Annual Remembrance of Holy Men and Women of Local Churches

Annual Remembrance of the Holy Men & Women of the Local Churches

The Salesian Family Counts 174 Saints, Blesseds, Venerables, and Servants of God


(ANS – Rome – November 18, 2024)
 – The particular Churches, starting from the Jubilee Year 2025, are invited to remember and honor on November 9 every year the saints who have characterized the Christian journey and local spirituality. That day is the feast of the Dedication of the Lateran Basilica, the cathedral church of Rome. With a letter dated November 9, 2024, the Pope urges the particular Churches to remember their own saints, blesseds, venerables, and servants of God as examples and intercessors who have responded to the universal call to holiness.

The Holy Father wrote: “We are called to allow ourselves to be inspired by these models of holiness, among whom stand out first of all the martyrs who shed their blood for Christ, and those who have been beatified and canonized for being examples of Christian life and our intercessors.
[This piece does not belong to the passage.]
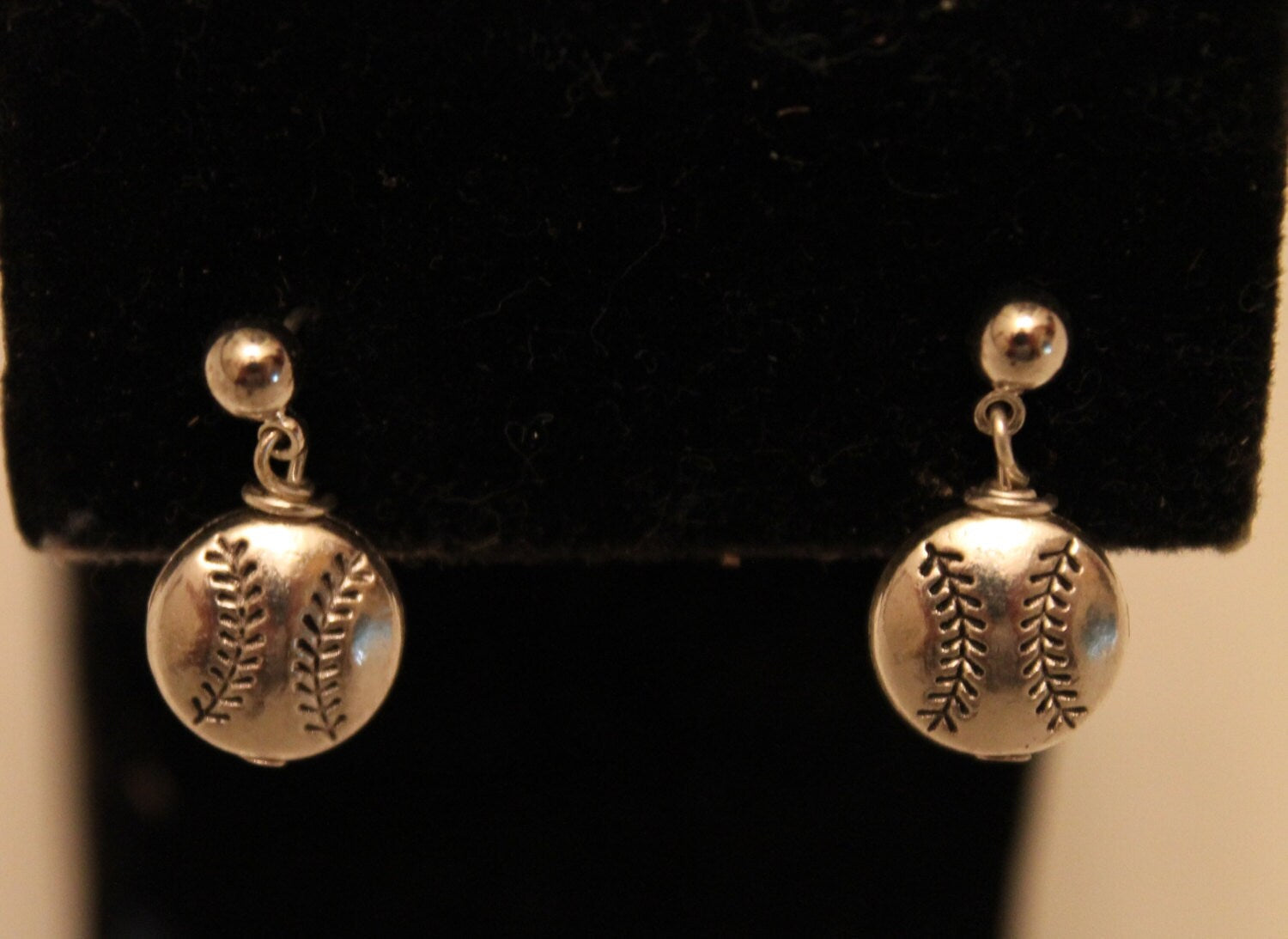 Baseball Earrings, Baseball Mom, Baseball Jewelry, Gift For Mom, Gift For Her, Girlfriend Gift, Valentine's Day Gift, Mother's Day Gift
We then think of the venerables, men and women whose heroic exercise of virtue has been recognized, of those who in singular circumstances have made of their lives an offering of love to the Lord and to their brothers and sisters, as well as the servants of God whose causes for beatification and canonization are underway.... They are all our friends, companions on the road, who help us realize our baptismal vocation to the full and show us the most beautiful face of the Church, which is holy and the mother of the saints.”

Every local Church is therefore invited to promote this remembrance with appropriate initiatives.
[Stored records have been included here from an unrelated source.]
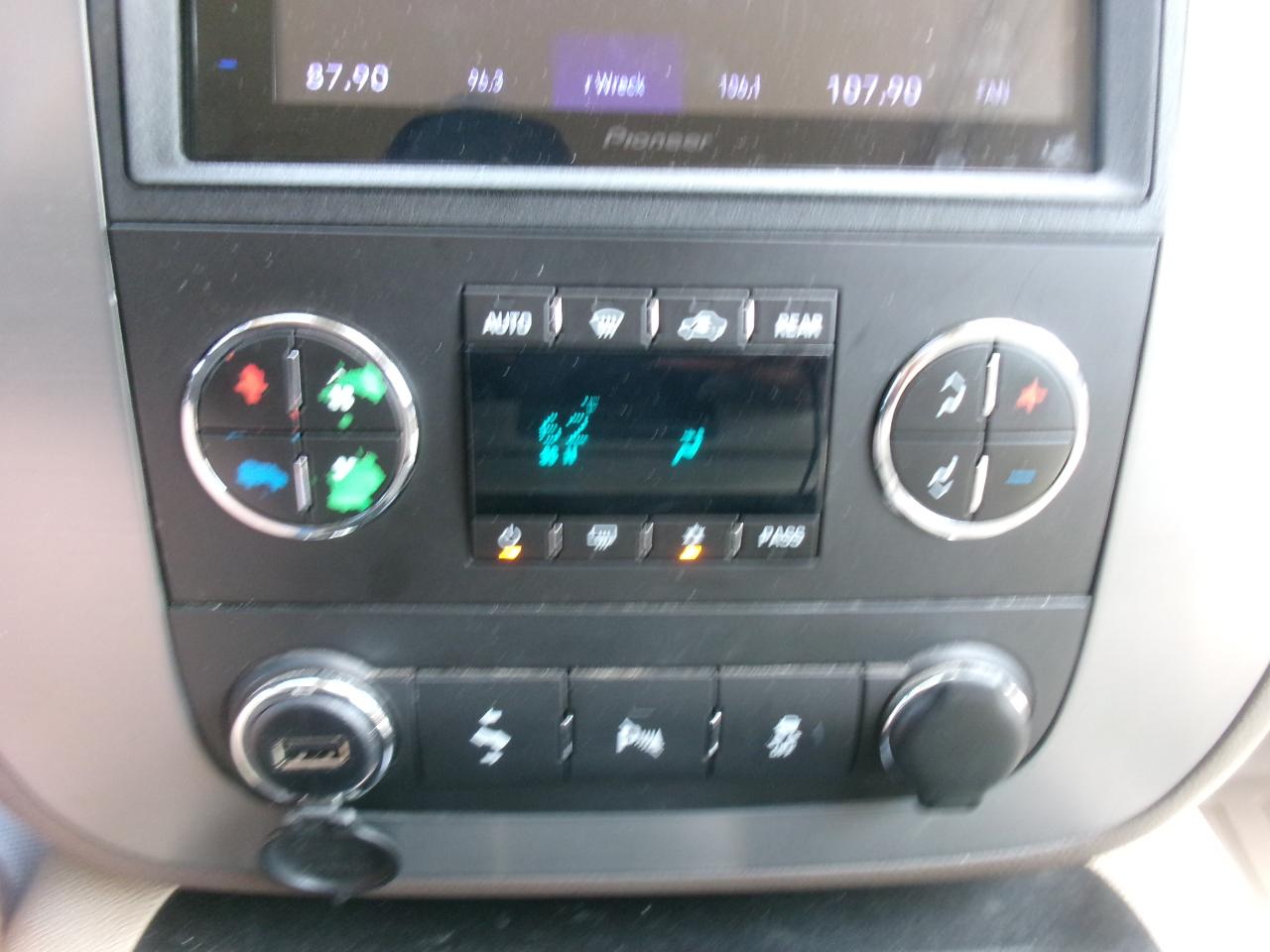 GMC Yukon SLT 4WD 2012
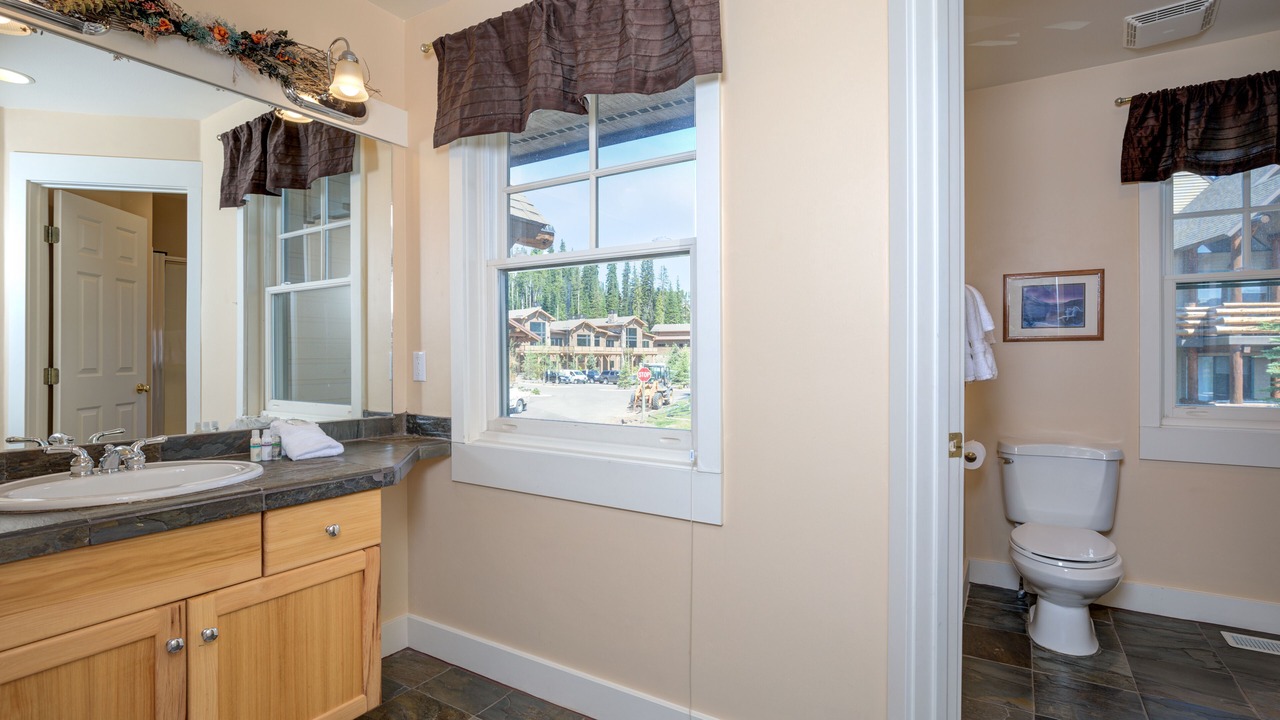 Photo of Bathroom in Saddle Ridge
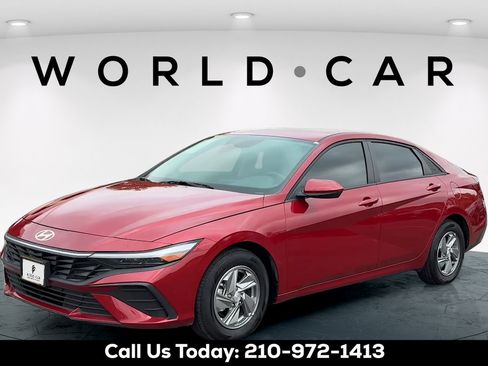 Certified 2025 Hyundai Elantra SE FWD image 7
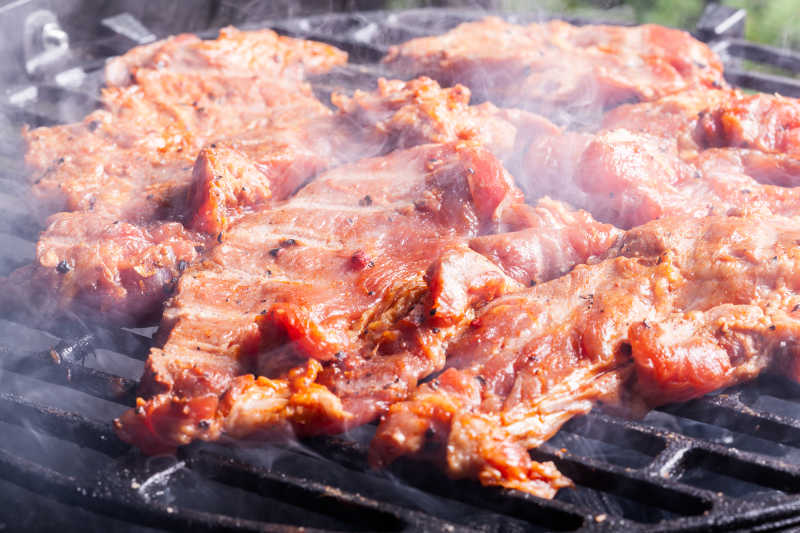 在烤肉架上的烤肉特写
For the Salesian Family, this is also a great opportunity to promote all the causes of beatification and canonization that the office of the general postulator accompanies in communion with the local Churches. “This initiative,” Fr. Pierluigi Cameroni, postulator for the Salesian Family’s causes of saints, reminds us, “emphasizes that the causes are an ecclesial event: they have great ecclesial relevance and constitute a wealth that involves the entire Christian community. They are not something private, but a gift to the Church and a good of the Church. Giving an ecclesial dimension to a cause is vital. The processes of discernment, the collection of testimonies and documents, the attention to the reputation for holiness and the signs that accompany every inquiry, must have this ecclesial dimension, involving dioceses, parishes, groups, the Salesian Family and must value the places of origin, life, and death of the candidates for holiness.”
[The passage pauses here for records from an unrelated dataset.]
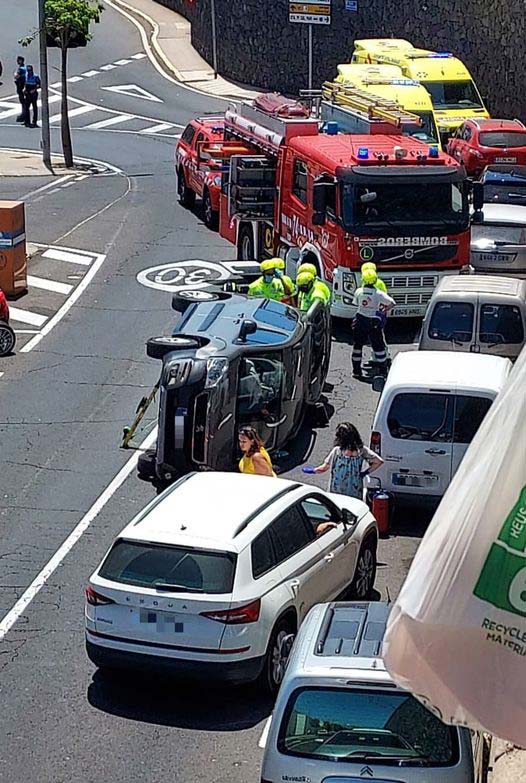 Mujer queda atrapada y herida tras el vuelco de su coche en Santa Cruz de Tenerife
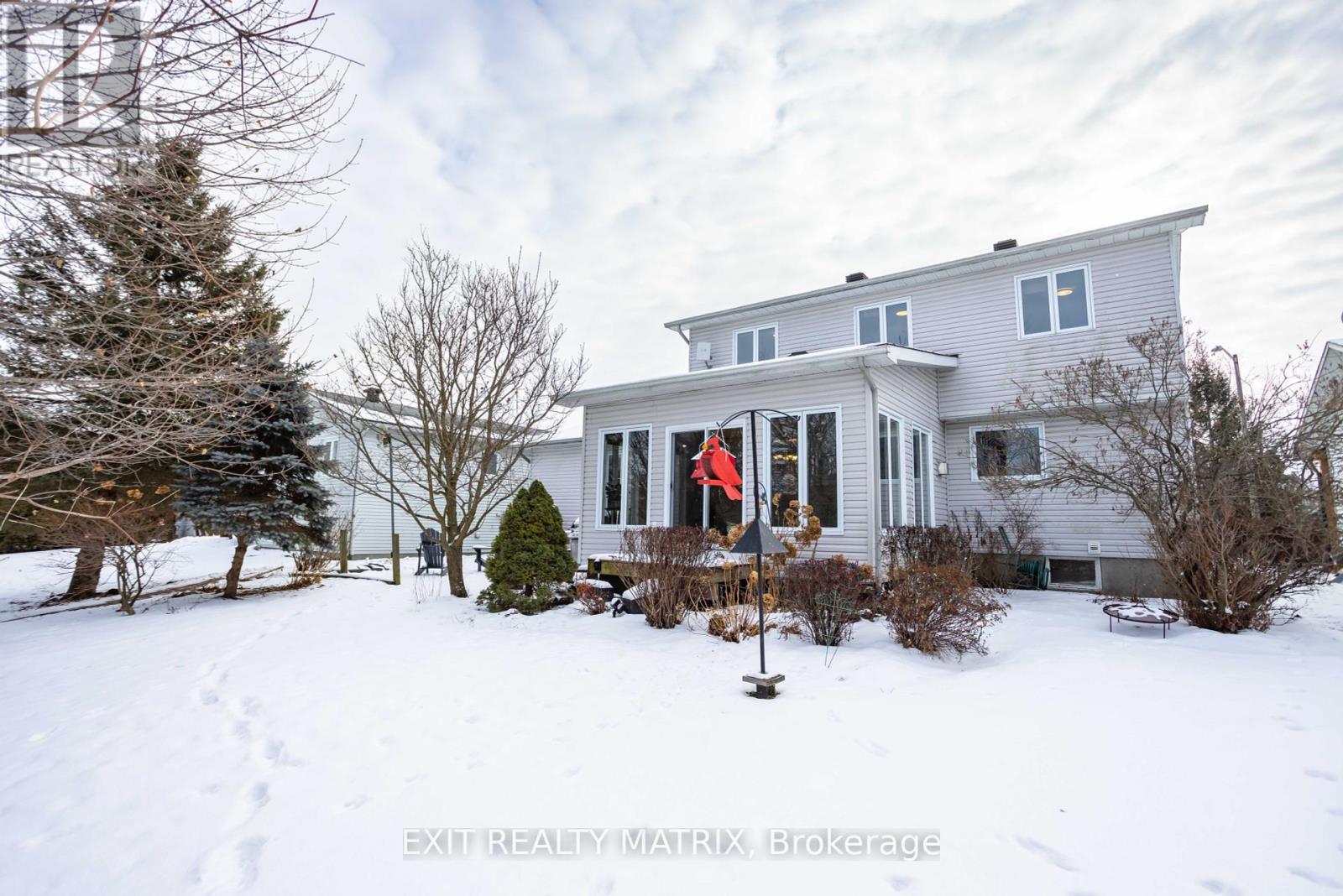 98 Menard Street, Russell, Ontario  K0A 1W1 - Photo 37 - X11934376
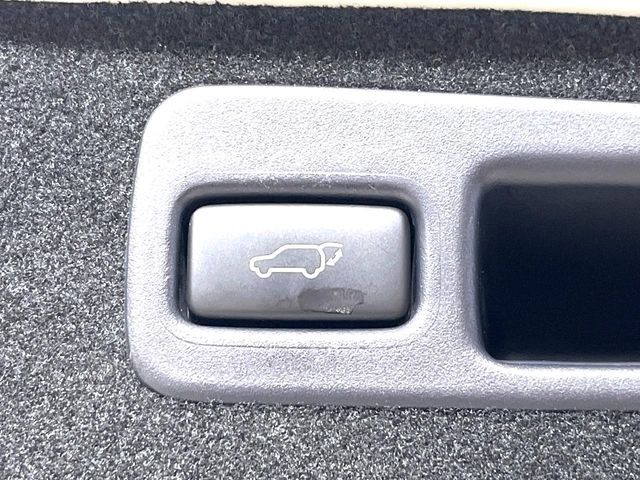 TOYOTA HARRIER HYBRID 2018 Image 31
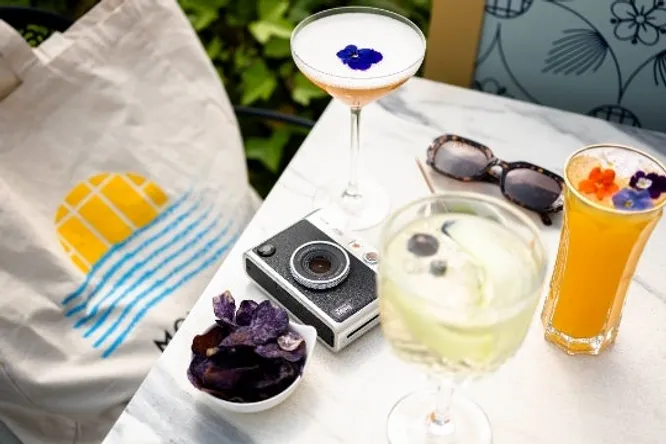 Sur le rooftop Molitor, les JO sont à l'honneur avec un trait de liqueur St-Germain®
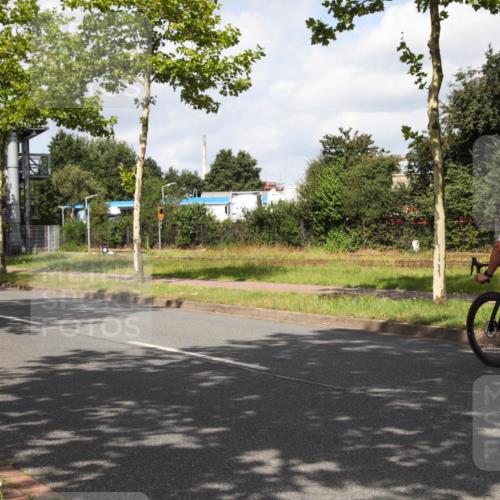 10.08.2025 - GEWOBA Citytriathlon Bremen Yannick Fuchs http://msf.ph/oto/8560835 10.08.2025 12:10:41 Radfahren 573, 622, 629, 644, 647, 651, 656, 659, 685, 712, 722, 730, 748, 755, 819, 889, 898, 1014 meine-sportfotos.de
Such an ecclesial dimension is very effective not only to make the candidates for holiness better and more directly known as exemplary witnesses of the following of Christ, but also to foster in the faithful a readiness – in addition to imitation – to implore spiritual/material graces and favors. This strengthens and develops in them a feeling of closeness, also psychological and existential, to the saints, an affinity of heart and mind, an affective and spiritual “sympathy,” a spiritual communion that, while keeping alive the reputation of holiness and of signs, flows into a true pedagogy of holiness.

The 174 saints, blesseds, venerables, and servants of God of the Salesian charismatic family also shine “like stars in the heavens,” in the firmament of the Church’s holiness. They are to be sought out, looked upon, thanked, invoked as blessed seeds, steeped in heaven, imbued with God, oases of hope, which enlighten and sustain others on their earthly pilgrimage toward the homeland of Heaven.